(SOURCE MATERIAL)
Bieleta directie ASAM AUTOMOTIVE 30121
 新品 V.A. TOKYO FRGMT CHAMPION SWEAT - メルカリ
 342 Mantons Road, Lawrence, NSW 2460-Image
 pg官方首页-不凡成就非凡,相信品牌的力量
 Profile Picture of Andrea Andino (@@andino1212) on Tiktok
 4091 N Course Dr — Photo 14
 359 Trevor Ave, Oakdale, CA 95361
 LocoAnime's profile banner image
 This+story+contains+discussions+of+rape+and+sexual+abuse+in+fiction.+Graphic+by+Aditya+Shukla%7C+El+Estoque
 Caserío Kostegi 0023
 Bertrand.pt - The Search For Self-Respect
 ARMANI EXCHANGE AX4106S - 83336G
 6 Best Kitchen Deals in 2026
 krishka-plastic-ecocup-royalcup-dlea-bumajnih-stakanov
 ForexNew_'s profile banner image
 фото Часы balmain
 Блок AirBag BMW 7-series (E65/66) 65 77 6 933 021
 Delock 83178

(TASK BRIEF)
Every line in the data that holds the string "banner" should be returned.

(WRITTEN SOLUTION)
 LocoAnime's profile banner image
 ForexNew_'s profile banner image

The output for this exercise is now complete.